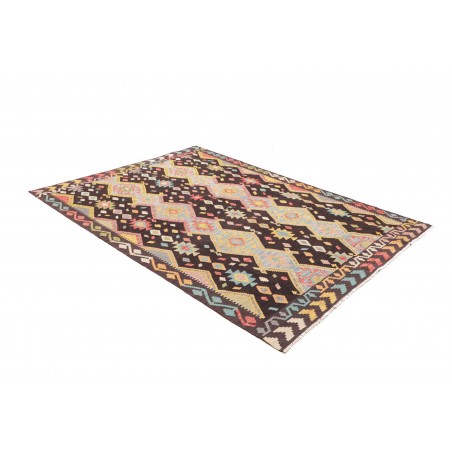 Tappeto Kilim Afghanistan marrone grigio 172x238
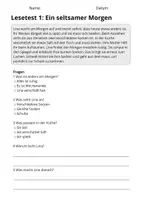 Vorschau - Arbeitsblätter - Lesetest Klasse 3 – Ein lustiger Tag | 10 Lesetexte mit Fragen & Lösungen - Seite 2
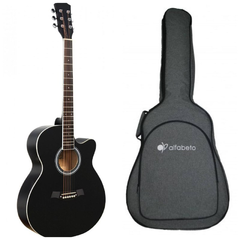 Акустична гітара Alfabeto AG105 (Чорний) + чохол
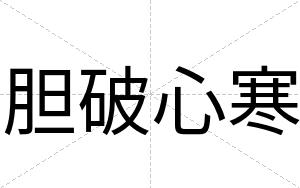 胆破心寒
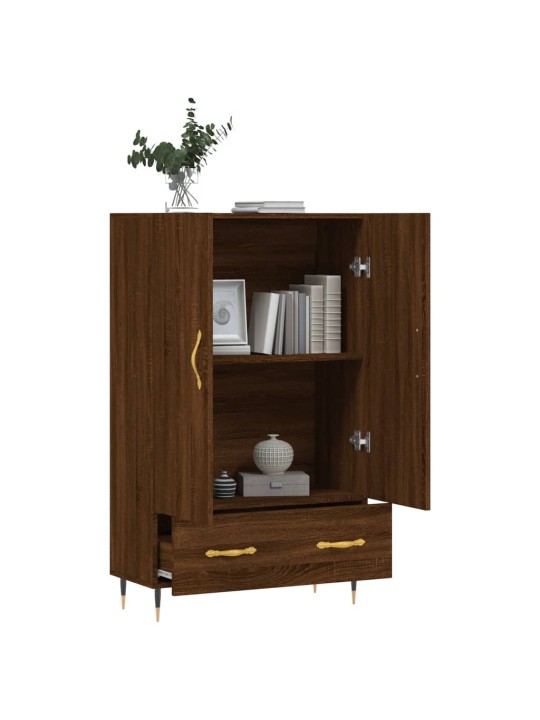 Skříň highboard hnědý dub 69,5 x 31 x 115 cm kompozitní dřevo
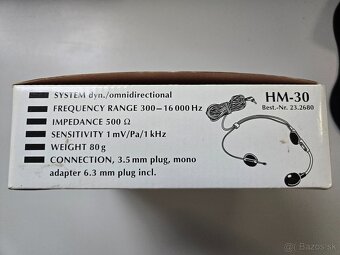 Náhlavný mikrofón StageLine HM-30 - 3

---

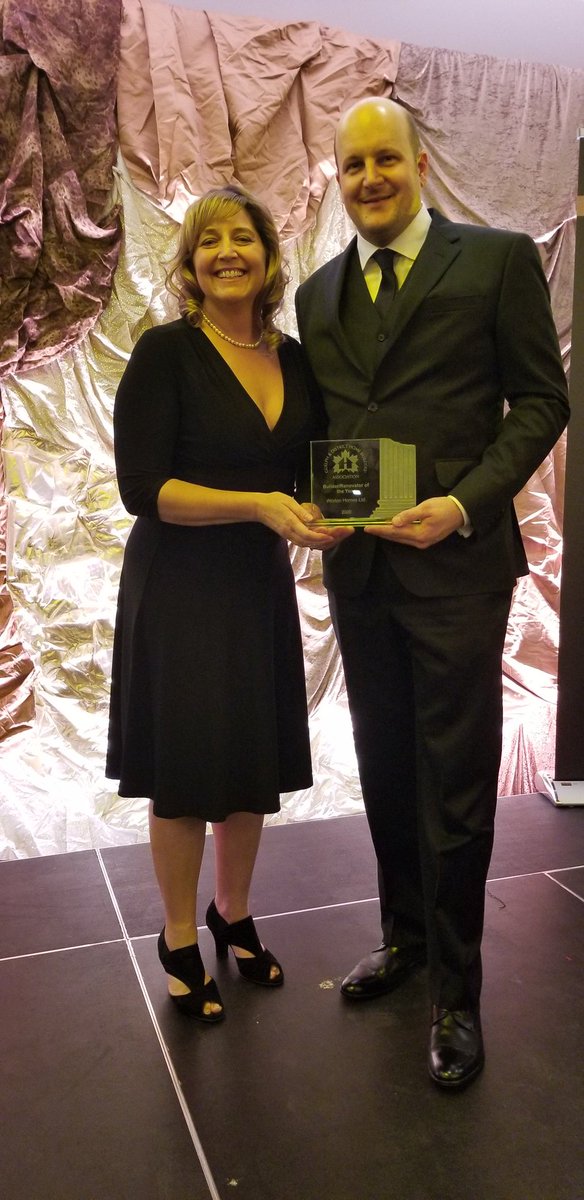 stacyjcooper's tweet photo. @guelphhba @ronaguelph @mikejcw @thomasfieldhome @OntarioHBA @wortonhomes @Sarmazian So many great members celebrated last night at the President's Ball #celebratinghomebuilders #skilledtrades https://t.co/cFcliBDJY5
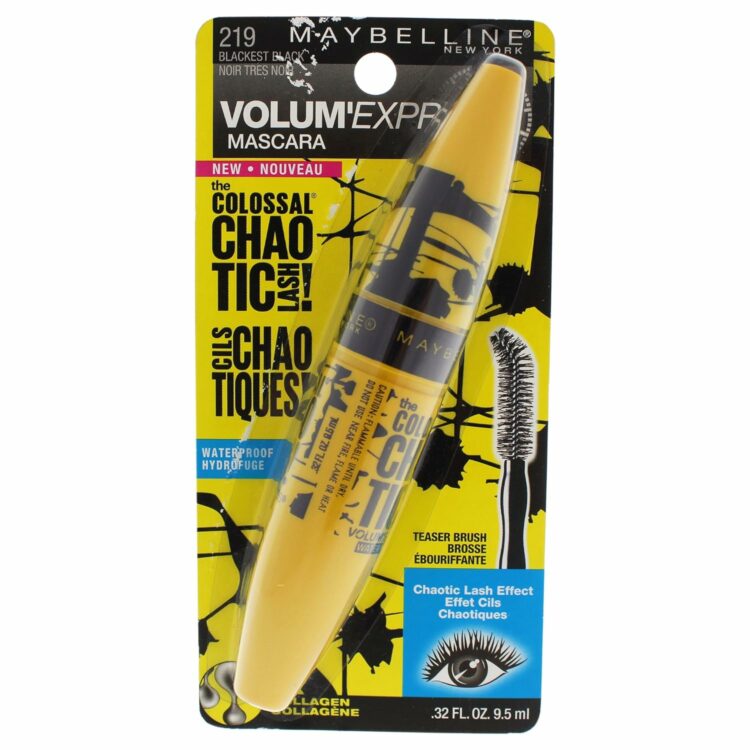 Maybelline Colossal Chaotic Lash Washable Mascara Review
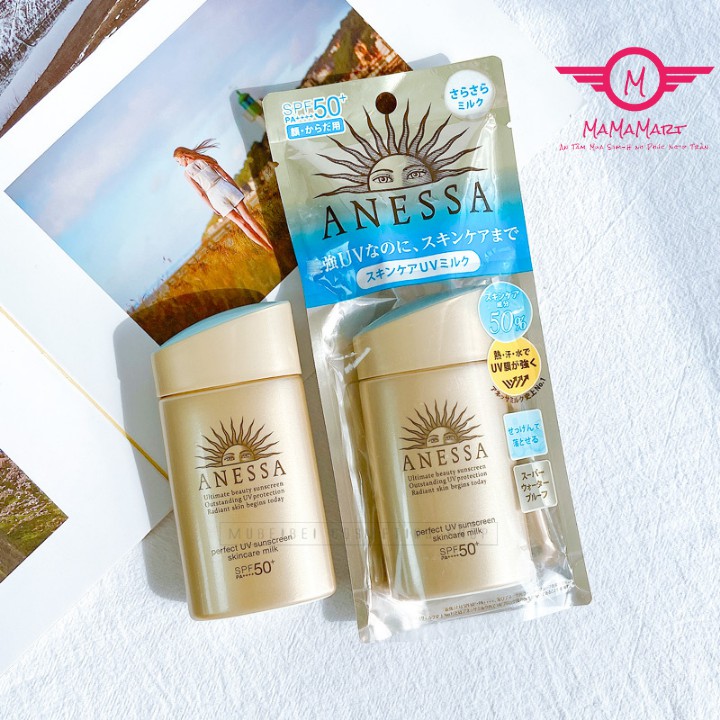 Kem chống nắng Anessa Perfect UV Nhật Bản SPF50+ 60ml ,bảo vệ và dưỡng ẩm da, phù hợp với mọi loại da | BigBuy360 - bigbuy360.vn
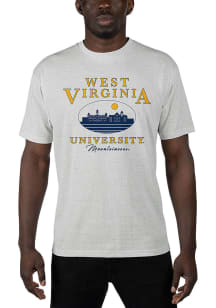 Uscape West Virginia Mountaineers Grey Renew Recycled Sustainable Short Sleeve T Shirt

==

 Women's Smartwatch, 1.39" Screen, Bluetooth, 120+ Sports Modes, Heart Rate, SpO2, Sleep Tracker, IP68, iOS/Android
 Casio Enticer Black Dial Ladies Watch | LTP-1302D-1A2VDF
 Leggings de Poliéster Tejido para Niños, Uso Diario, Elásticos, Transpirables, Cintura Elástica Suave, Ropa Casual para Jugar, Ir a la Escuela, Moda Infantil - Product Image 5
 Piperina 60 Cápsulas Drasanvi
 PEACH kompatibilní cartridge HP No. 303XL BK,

PROBLEM TO SOLVE: Write back word for word every line in the entries above from the one with "Tappeto Kilim Afghanistan" to the one with "Náhlavný mikrofón StageLine HM-30 - 3", ends included, and none of the pictures.

YOUR SOLUTION:
 Tappeto Kilim Afghanistan marrone grigio 172x238
 Vorschau - Arbeitsblätter - Lesetest Klasse 3 – Ein lustiger Tag | 10 Lesetexte mit Fragen & Lösungen - Seite 2
 Акустична гітара Alfabeto AG105 (Чорний) + чохол
 胆破心寒
 Skříň highboard hnědý dub 69,5 x 31 x 115 cm kompozitní dřevo
 Náhlavný mikrofón StageLine HM-30 - 3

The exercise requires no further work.